- _Supplied entries_:
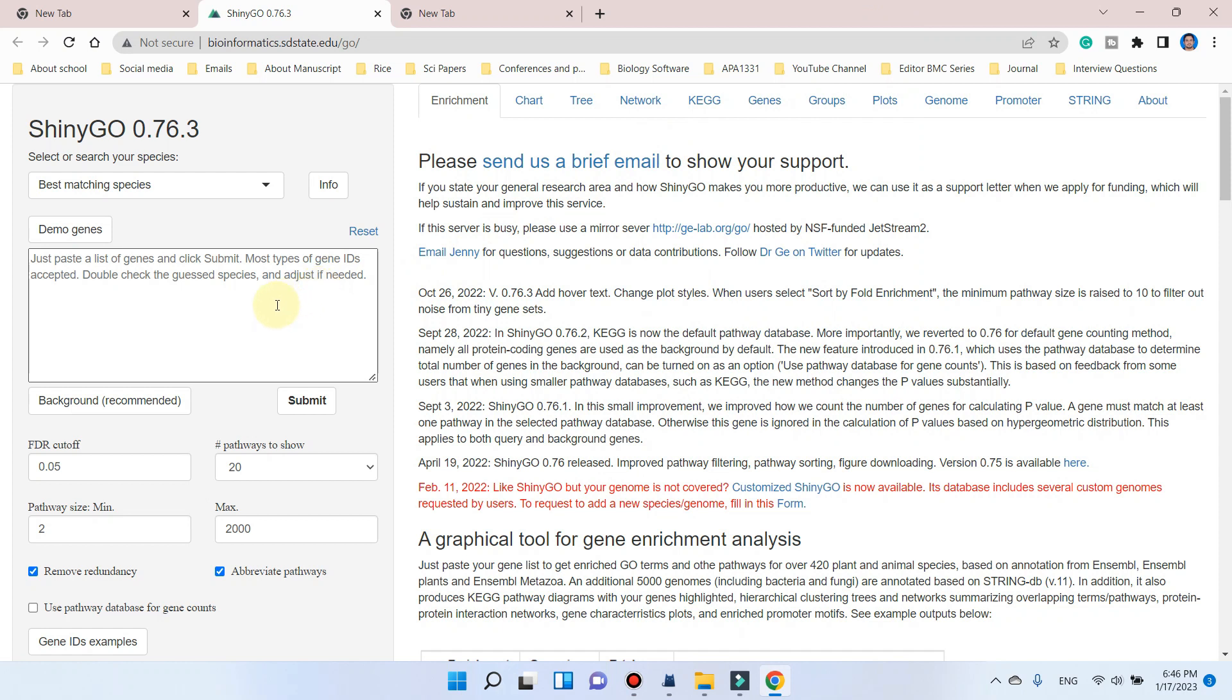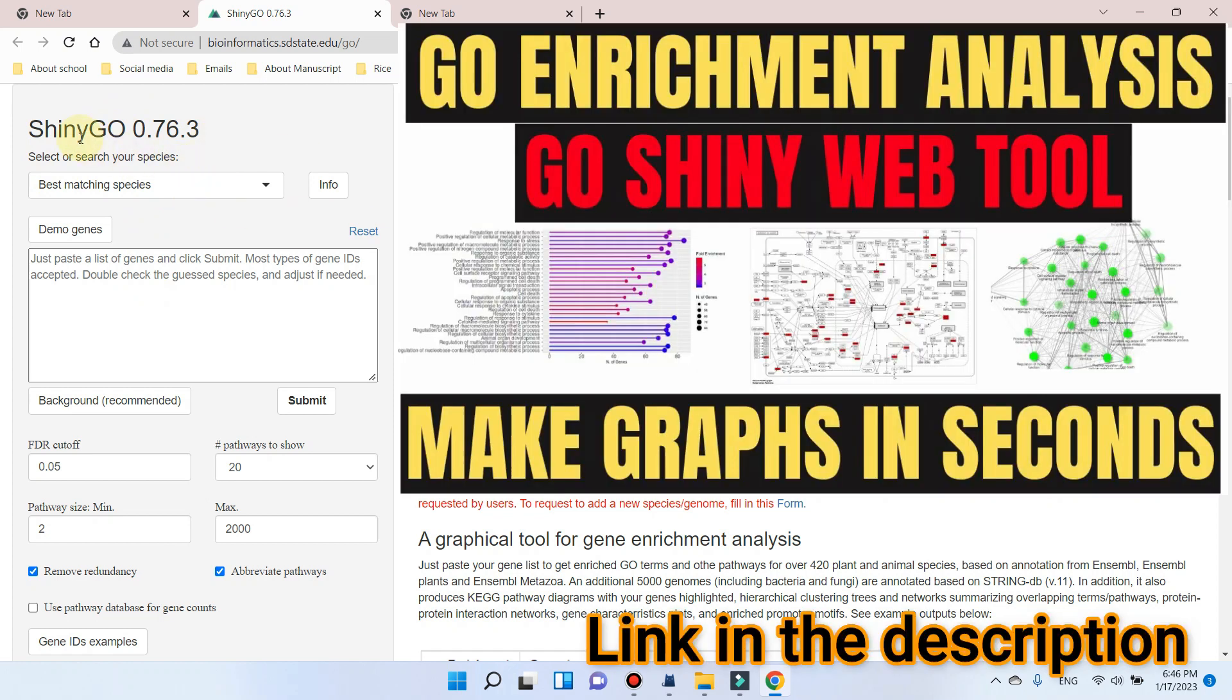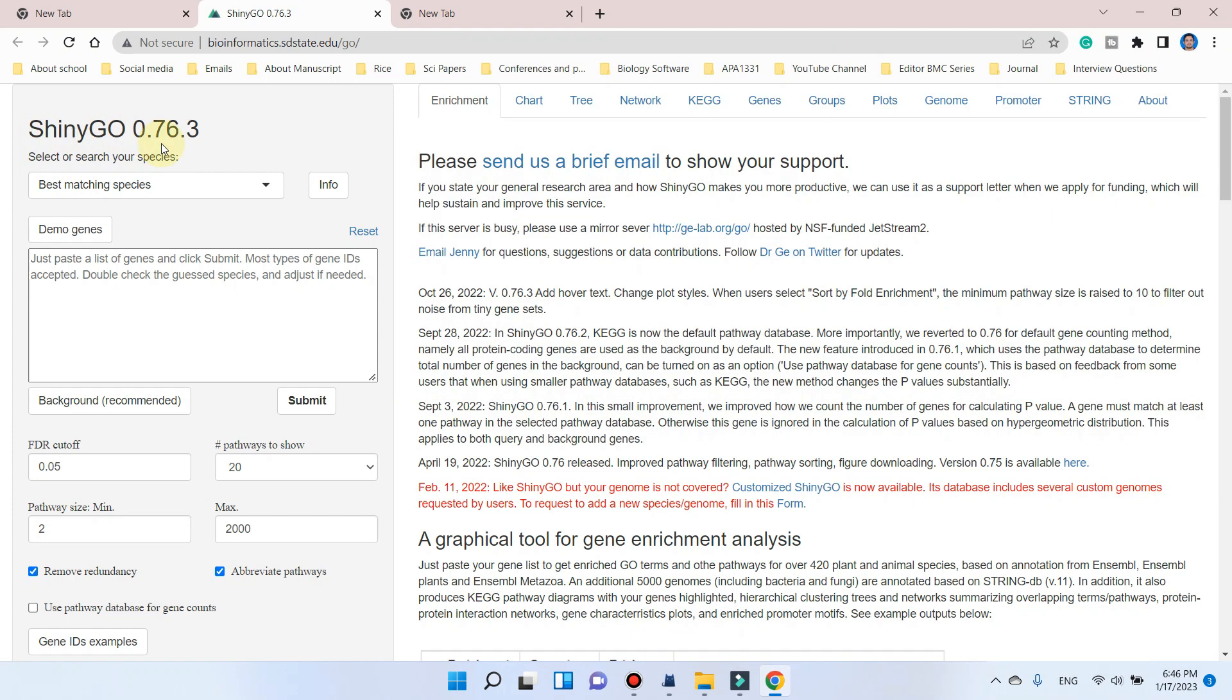Welcome to another video tutorial. In this video, I will tell you how we can resolve the problem of ID recognition while using the ShinyGO tool. As in my previous video, I have already made a tutorial about how we can use this ShinyGO tool for gene enrichment analysis, but most of the students are facing the ID recognition problem.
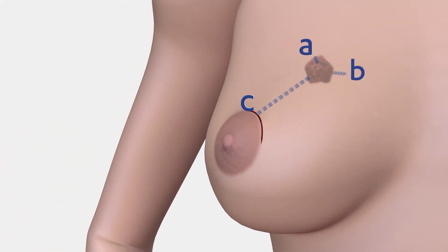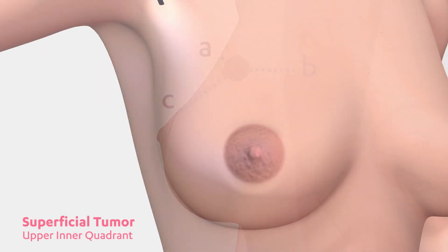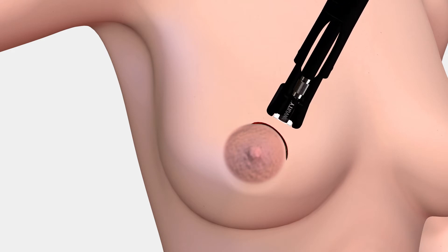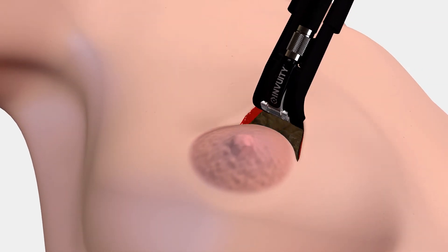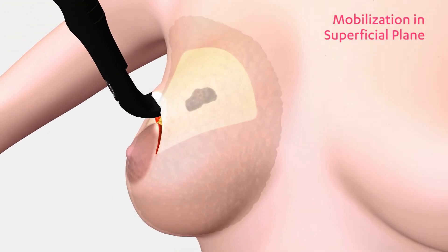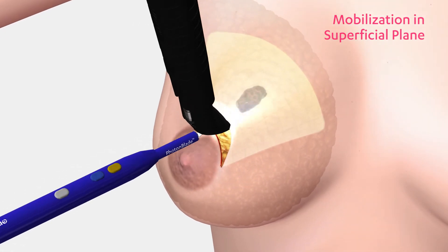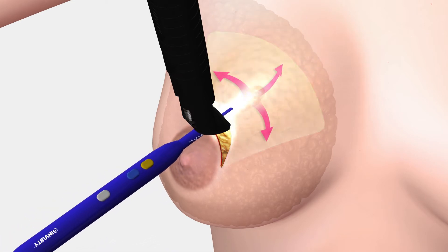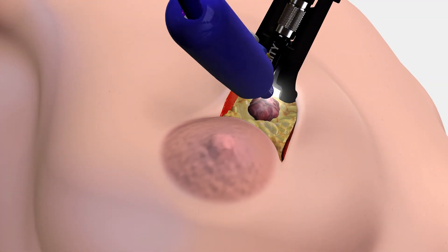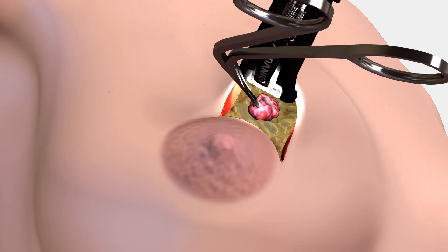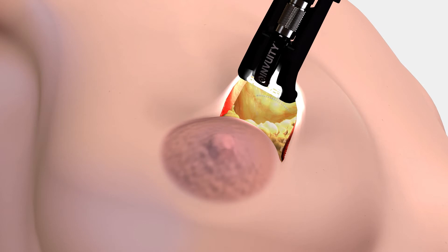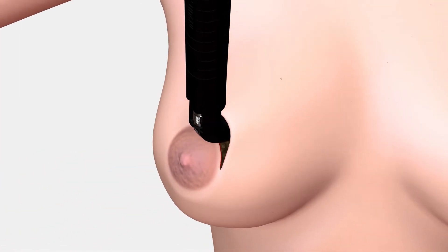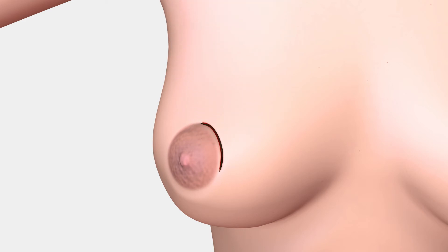A superficial tumor located in the upper inner quadrant of the breast can typically be accessed via a periareolar incision. During dissection towards the tumor, in this case in the superficial plane, extend the plane of dissection medial and lateral. This mobilization of surrounding tissue in the superficial plane allows the tissue to be re-approximated during closure. As a general principle, mobilize three to four times the width of the tumor in the medial and lateral directions, as well as past the site of the tumor. Once the tumor has been excised, prevent a defect in the breast by re-approximating the surrounding breast parenchyma. This can be done with multiple interrupted 3-0 Vicryl sutures. Once healed, periareolar incisions are difficult to see.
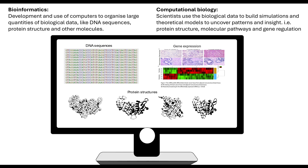Computational biology, on the other hand, is where scientists use the biological data to build simulations and theoretical models to try to uncover patterns and insights. For example, with protein structure — if we know that a sequence of amino acids causes secondary, tertiary, and quaternary structure, we can use biological data to build theoretical models predicting how mutations within that DNA sequence might affect the way the protein will actually fold.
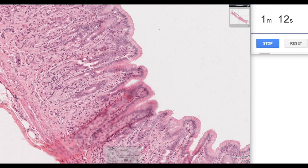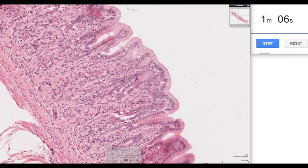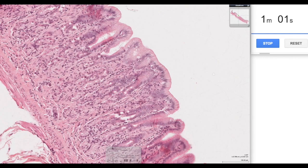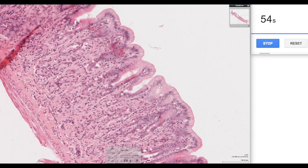We also see down at the base some evidence of other cell types called chief cells, which are responsible for the secretion of the inactive form of pepsin, known as pepsinogen. Here we have more complex-looking glands with less lamina propria in between them, so now we're in what we call the body or the fundus of the stomach.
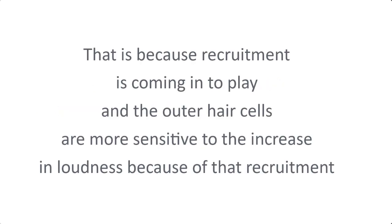That is because recruitment is coming into play and the outer hair cells are more sensitive to the increase in loudness because of that recruitment.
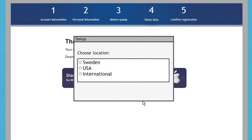In the setup stage, please be mindful to select the right location depending on which country you live in when installing Diacend Uploader. All U.S. patients should select the U.S., Swedish patients should select Sweden, and patients in any other country should select International.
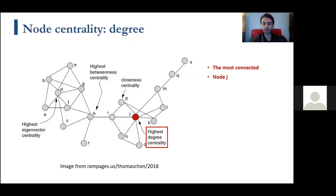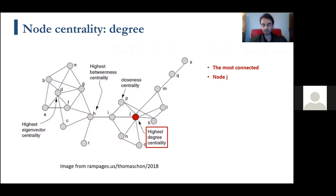Degree centrality is the most straightforward: the node with the most connections is considered the most important. In the example, node J has the highest degree centrality. This applies broadly — in social networks, someone with millions of connections can have enormous influence on how society thinks, and similarly in protein interaction networks and the brain.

- _What you are asked to do_: Would you please reproduce the entries above, starting at the line with "Computational biology, on" and stopping after the line with "That is because"? Omit any pictures.

- _Completed task_:
Computational biology, on the other hand, is where scientists use the biological data to build simulations and theoretical models to try to uncover patterns and insights. For example, with protein structure — if we know that a sequence of amino acids causes secondary, tertiary, and quaternary structure, we can use biological data to build theoretical models predicting how mutations within that DNA sequence might affect the way the protein will actually fold.
We also see down at the base some evidence of other cell types called chief cells, which are responsible for the secretion of the inactive form of pepsin, known as pepsinogen. Here we have more complex-looking glands with less lamina propria in between them, so now we're in what we call the body or the fundus of the stomach.
That is because recruitment is coming into play and the outer hair cells are more sensitive to the increase in loudness because of that recruitment.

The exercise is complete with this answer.